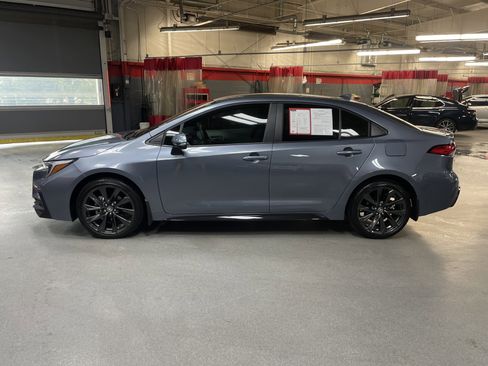 Certified 2026 Toyota Corolla SE FWD image 7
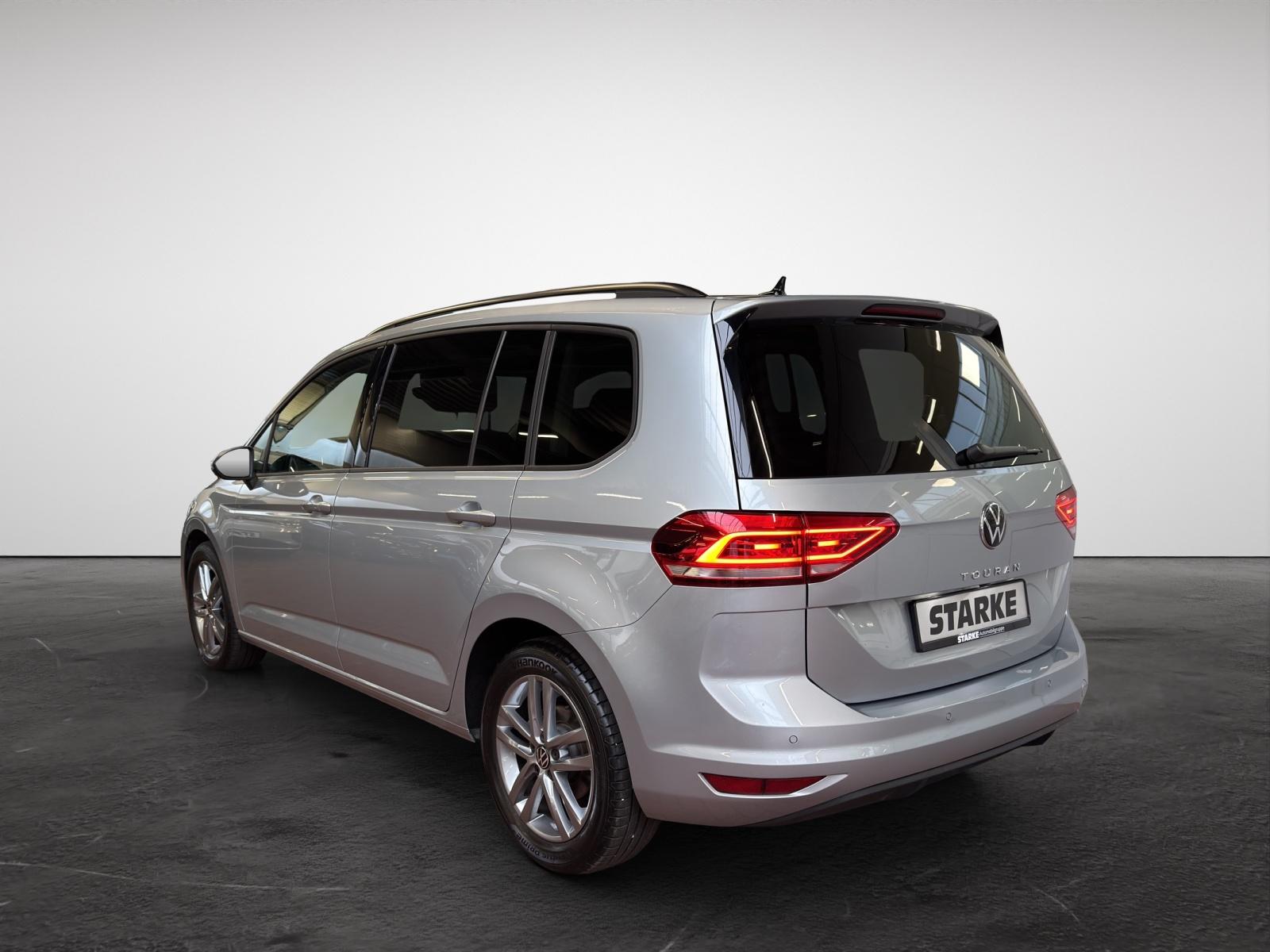 Volkswagen Touran 1.5 TSI Comfortline DSG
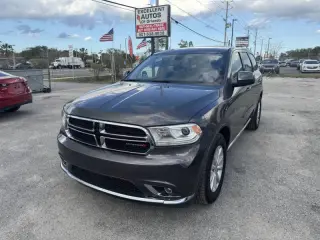 2015 Dodge Durango SXT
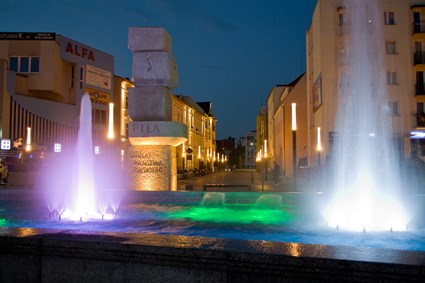Rewitalizacja centrum Piły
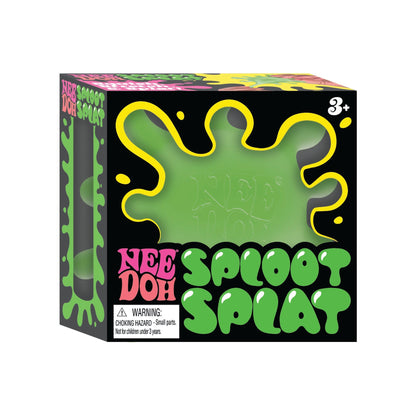 NeeDoh SplootSplat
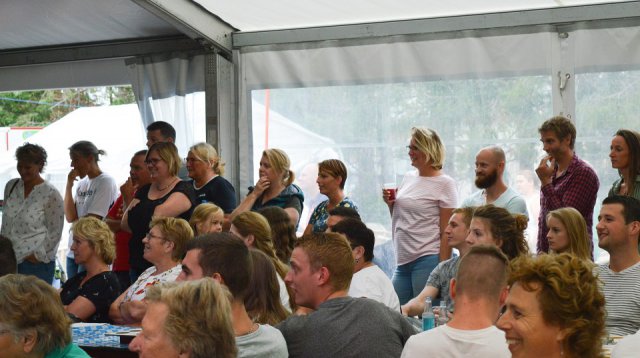 Zomerfeest zondag (zondag  1 september 2019)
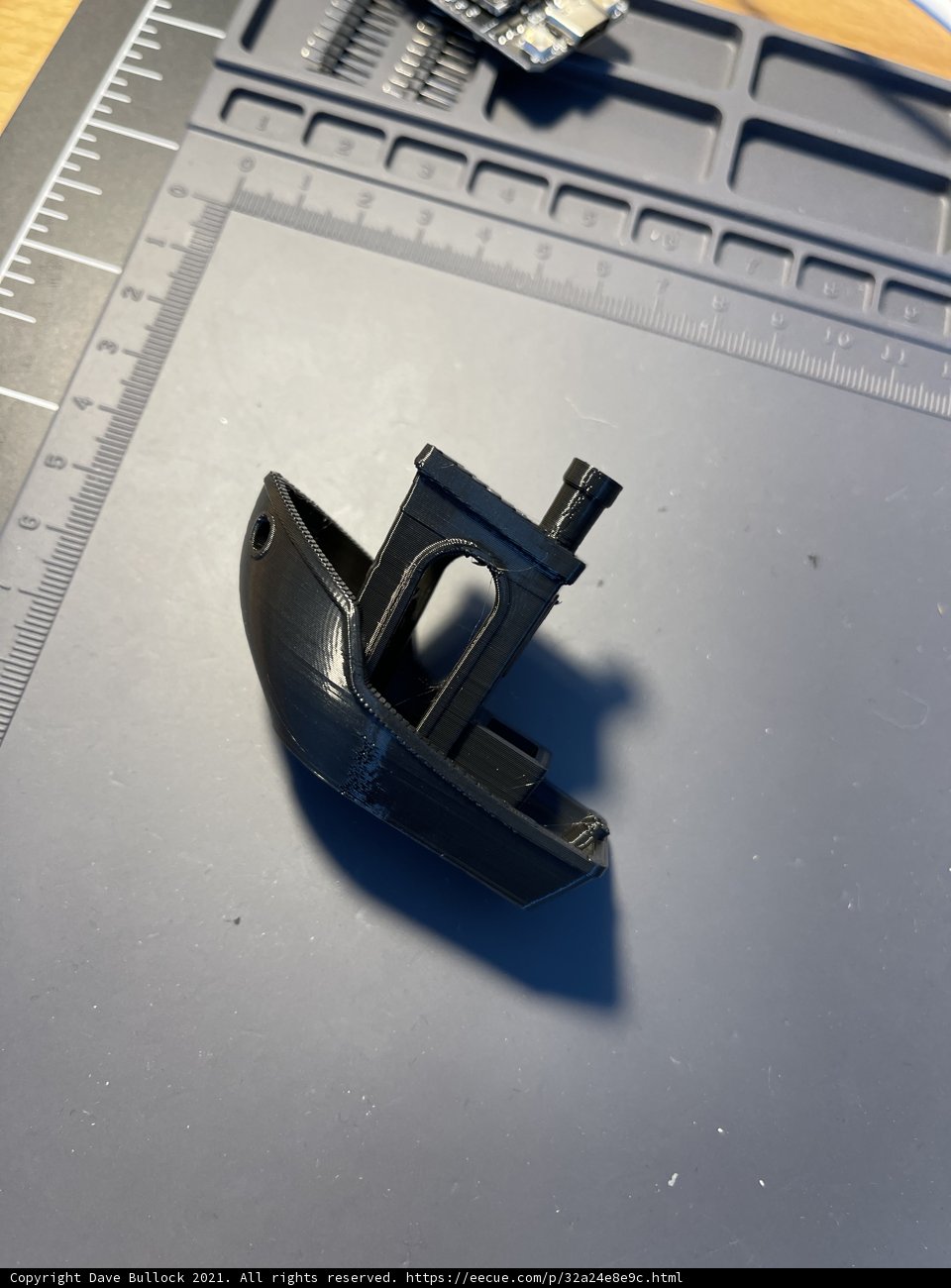 Mysterious Object on the Table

◆ ◆ ◆ ◆

▶ Task details
Copy every record above exactly, leaving out any pictures.

▶ Result for this task
 Certified 2026 Toyota Corolla SE FWD image 7
 Volkswagen Touran 1.5 TSI Comfortline DSG
 2015 Dodge Durango SXT
Rewitalizacja centrum Piły
 NeeDoh SplootSplat
 Zomerfeest zondag (zondag  1 september 2019)
 Mysterious Object on the Table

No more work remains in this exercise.